Where Do Lettuce Seeds Come from?

Filed Under:
lettuce plant
seed saving
seeds
salad garden
kitchen garden
vegetable garden
lettuce seeds forming on plant

Turn 1 Lettuce Plant into 100 Lettuce Plants for Free

A lettuce plant's time in your garden is brief. Sometimes too brief. It can be upsetting when you notice your lettuce plants are beginning to bolt (or go to seed) and the flavor of your leaves starts changing. Mourn the loss of your fresh, homegrown salads, but keep in mind that you're about to get something else: lettuce seeds!

Seed formation is a natural progression in the short life cycle of a lettuce plant. It's a gentle reminder that our plants have a purpose far beyond what we're growing them for, and that purpose is to make more of themselves for the future. Instead of ripping up our lettuce plants once they're no longer giving us tasty leaves, we can roll with it and let them go to seed. Once those seeds form, we can collect them and save them.
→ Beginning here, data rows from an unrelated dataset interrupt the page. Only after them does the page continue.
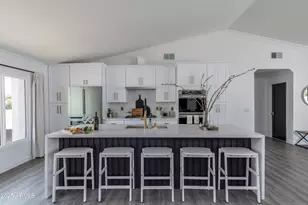 8702 E Clarendon Ave, Scottsdale, AZ 85251 - Photo 13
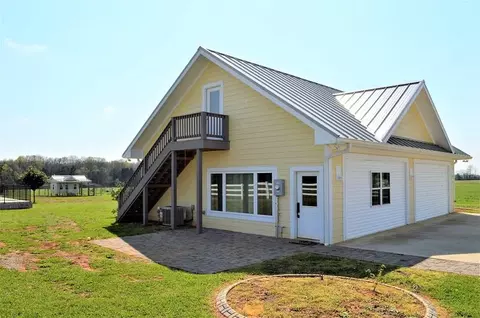 238 Peachtree Ln, Decherd, TN 37324 photo 4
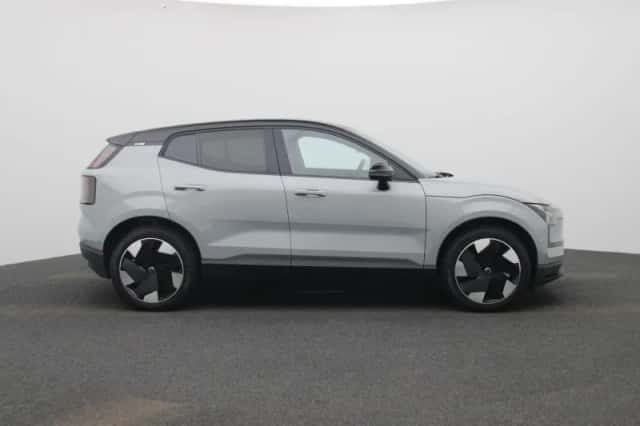 Volvo EX30 (2024) thumbnail 6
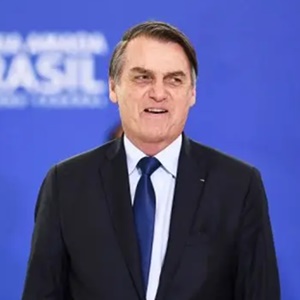 Governo Bolsonaro gasta R$ 15 milhões com leite condensado e R$ 2,2 milhões com chiclete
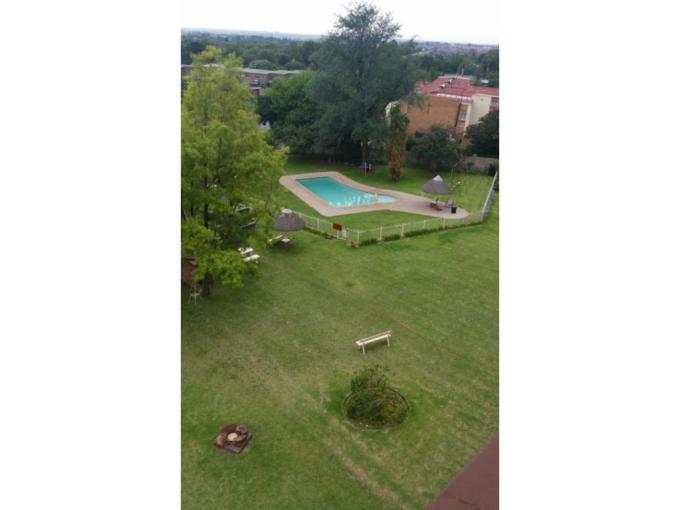 2 Bedroom Apartment for Sale For Sale in Middelburg - MP - MR669537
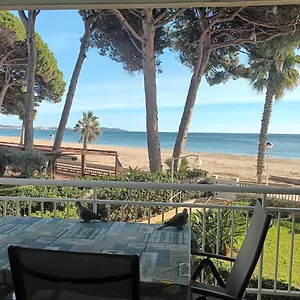 Apartamento Primera Linea De Mar En, Cambrils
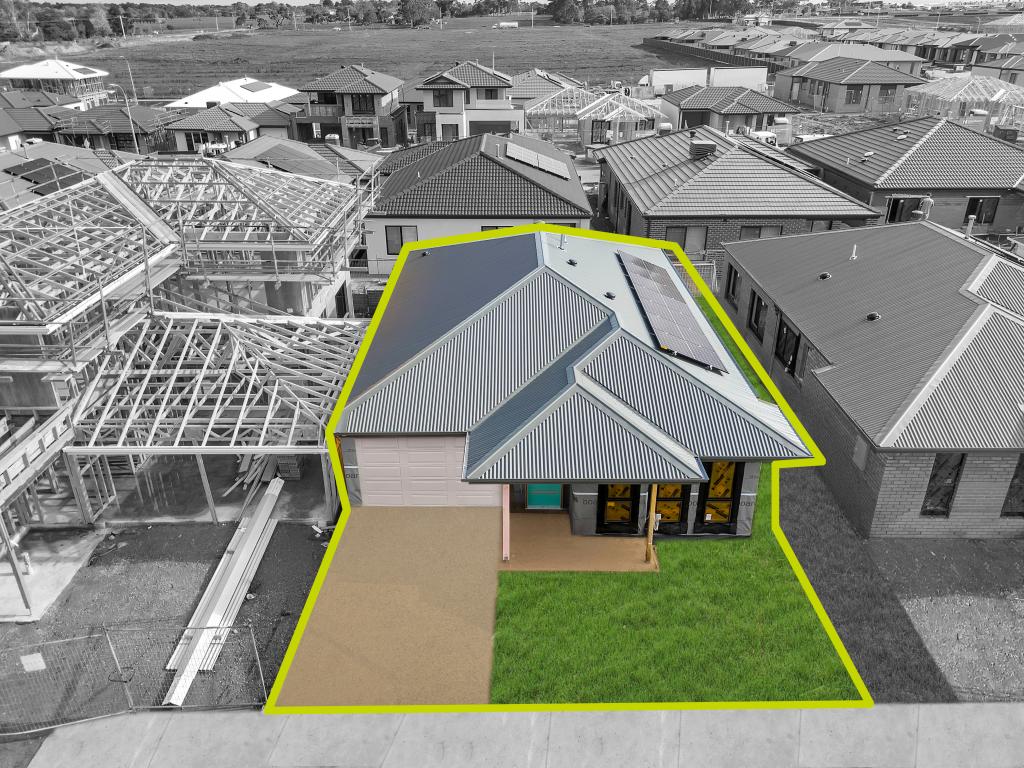 12 Poppy Sage Way, Clyde, VIC 3978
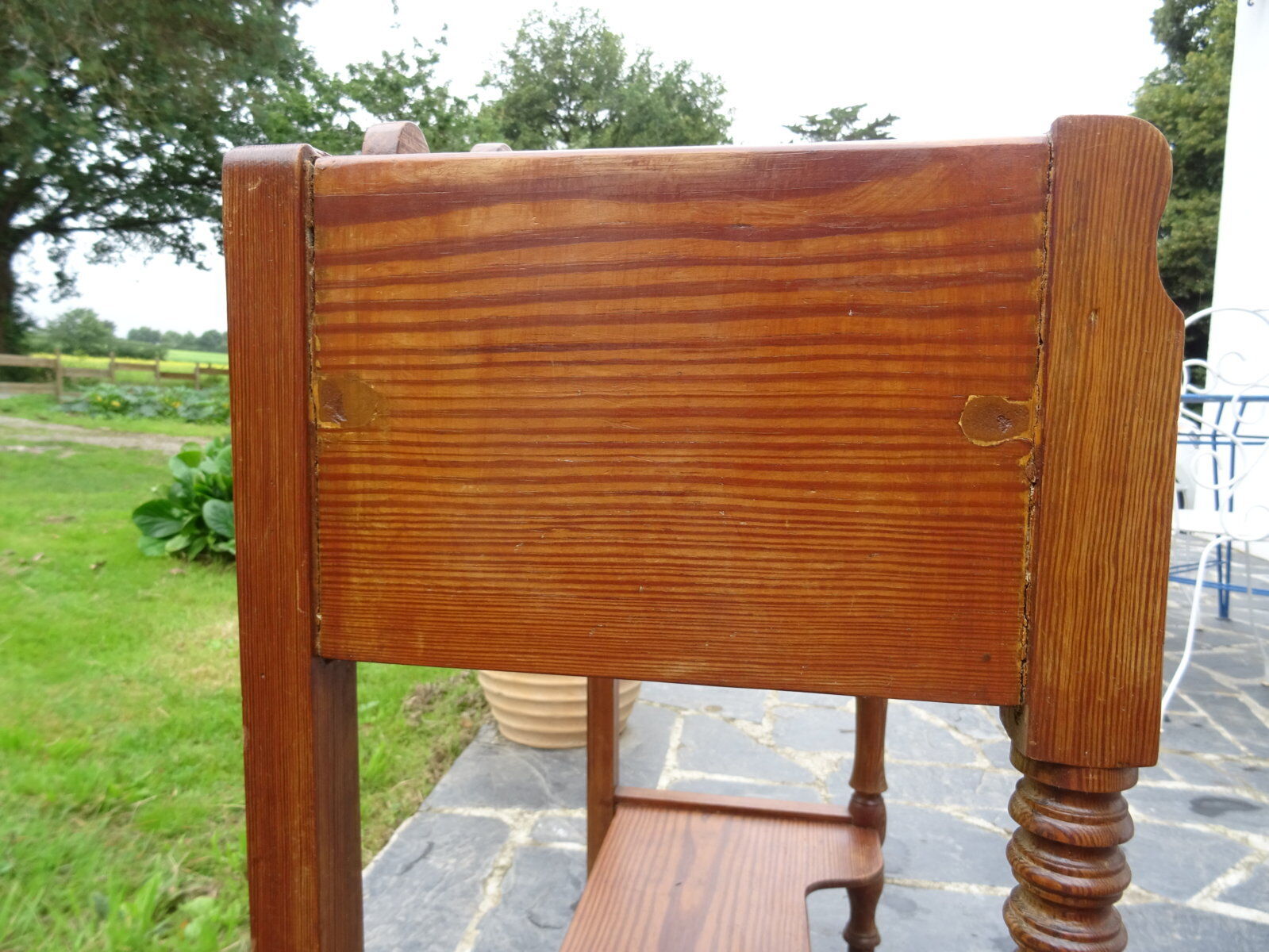 Table de toilette en pichepin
Assuming the lettuce plant wasn't a hybrid, the seeds will remain true to the original plant.

That's how we end up with hundreds of seeds from just one lettuce plant. Free seeds for your next cool season!

Let's look at how to save your own lettuce seeds.

bolting lettuce picture

When Do Lettuce Plants Go to Seed?

Lettuce plants typically go to seed due to stress when the weather grows a little too warm for their liking. Lettuces love nice, cool weather (think spring and fall in most places or even winter in warmer climates). They don't like when the temperatures rise above 80°F. They're also sensitive to day length, so the increasing hours of sunlight we enjoy as spring moves into summer is sometimes enough to tell your lettuce plants their time in your garden is coming to an end.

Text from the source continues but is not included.